Thursday, 14 July 2016

Three grain summer salad

Three grain summer salad

Take a handful of pearl barley rinsed in cold water and pop it in a pot with more water so it is well covered. Place a lid on the pot to shorten the time it takes the water to boil. Lower the heat to a simmer and wait for 20 minutes until the beads of barley are soft but still chewy to bite.

Take a handful of black rice and do as above. Black rice should be cooked in a separate pan as it colours the cooking water a deep muddy red, brown. This contaminates the colour of everything it comes in contact with.

Finally, to complete the triad of grains, place four tablespoons of quinoa in a pan of water, as above, but limit the cooking time to 12 minutes once the water has come to the boil. Little white tails emerge from the seed coat as quinoa seeds cook and indicate when the quinoa is cooked are ready to eat. It should taste a little bit crunchy when cooked.

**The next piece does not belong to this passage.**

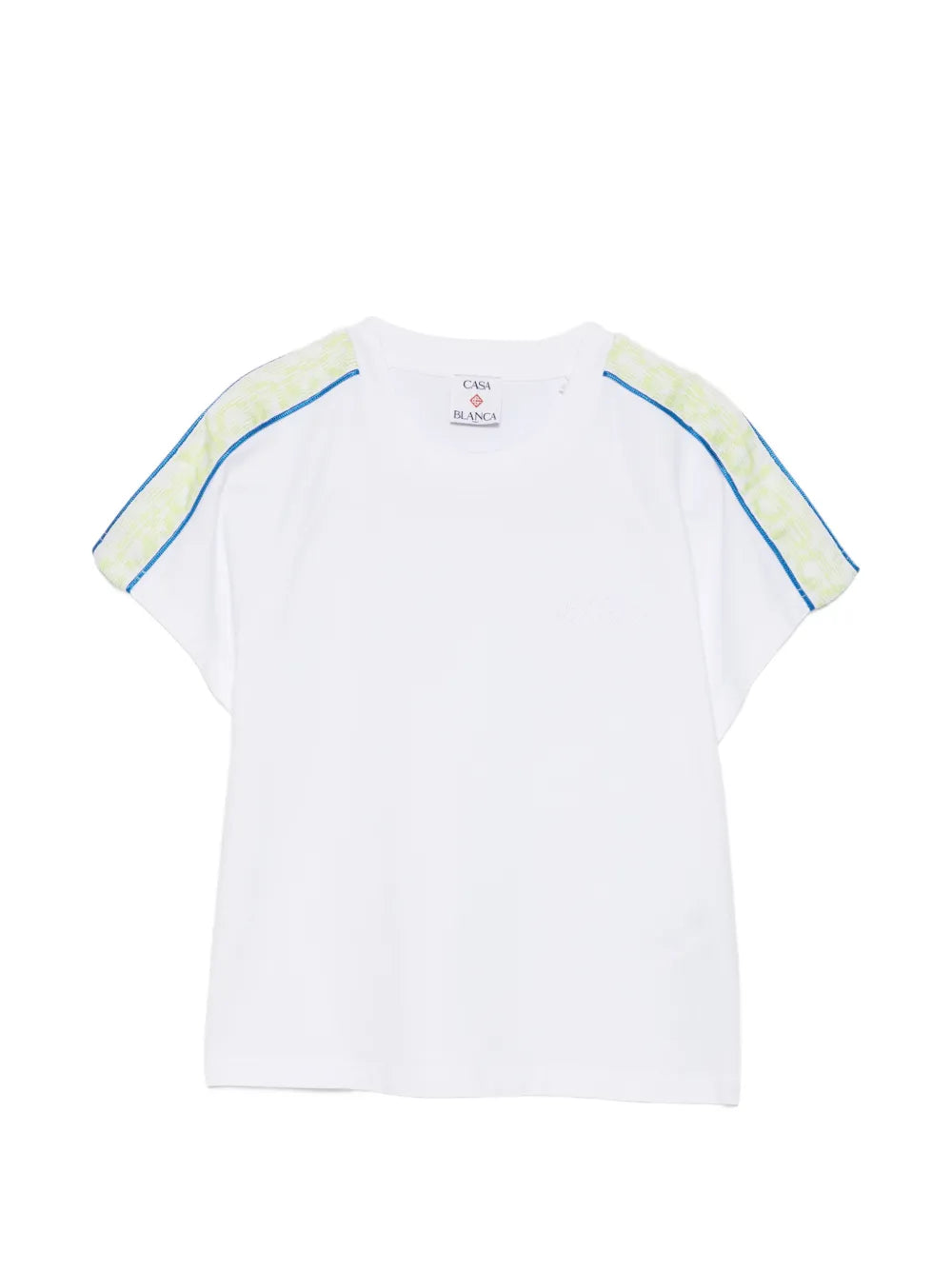 T-shirt met schouderaccentuering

To finish your salad mix in a selection of roasted vegetables. I have used slow roasted tomatoes which I put in the oven at 150 C for an hour while I went out running. I sprinkled them with sea salt and a branch of oregano I picked from my unruly herb patch. At this time of the year all the woody stemmed herbs go wild - 'bad herb day' I think as I walk past them. 

A chopped yellow courgette was put in the oven to roast slowly at the same time as the tomatoes. Once back from my run I flame roasted peppers and steamed purple mange tout because they are ready in the garden. Their purple pods dangle like odd socks on a washing line.

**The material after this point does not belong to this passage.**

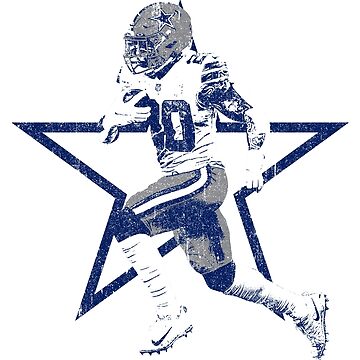 Tony Pollard Football Paper Poster Cowboys 2 - Tony Pollard - Pin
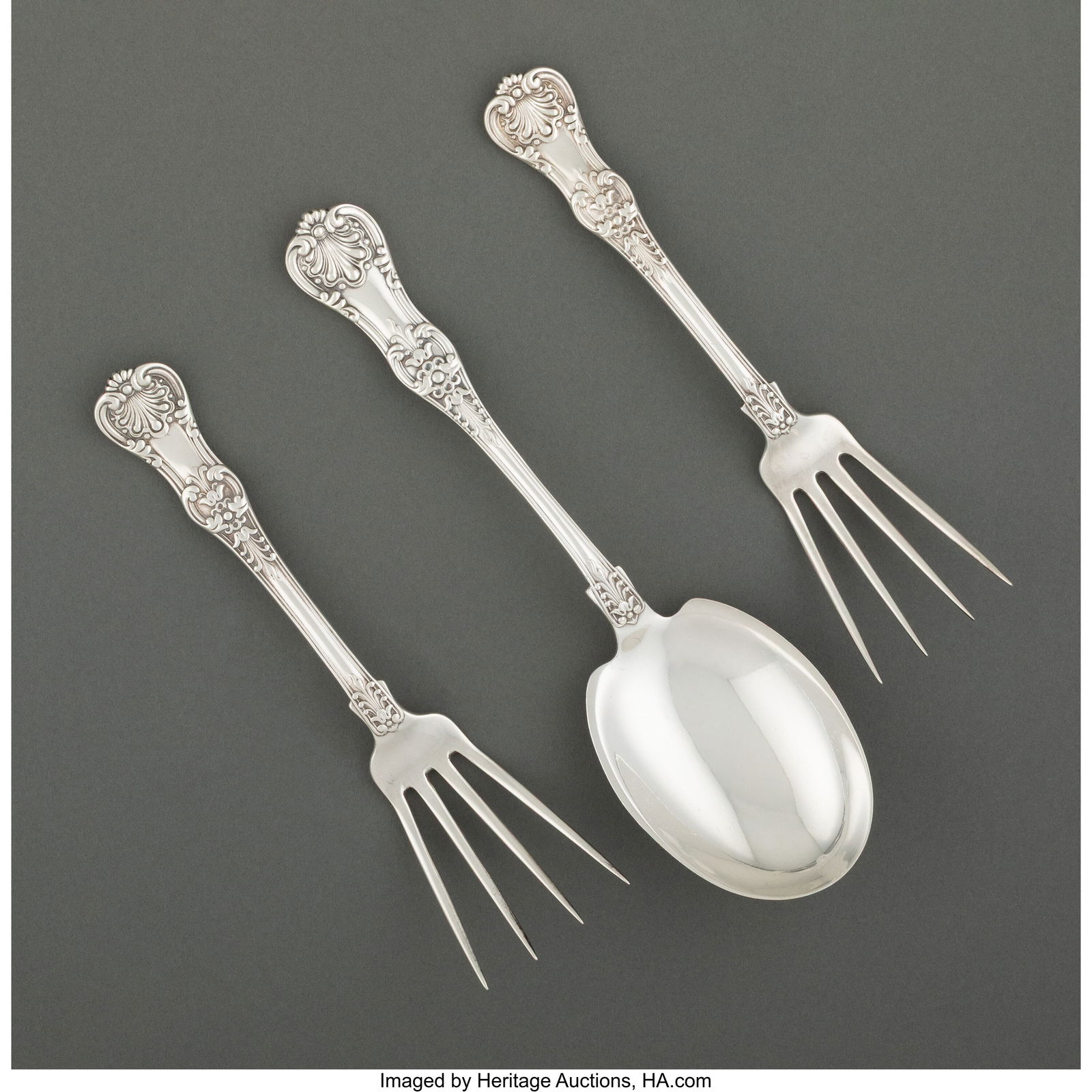 Three Tiffany & Co. English King Pattern Silver (1 of 3)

Finally I made a batch of fresh pesto - and because I did not have enough basil I supplemented it with the curly leaves of parsley.

To assemble the salad - mix the grains together with a tiny drizzle of oil, lemon juice and salt. This keeps the grains lubricated and adds a little flavour. The cooked and cooled vegetables were mixed in and the whole salad dotted with bright green, delicious, fresh tasting pesto.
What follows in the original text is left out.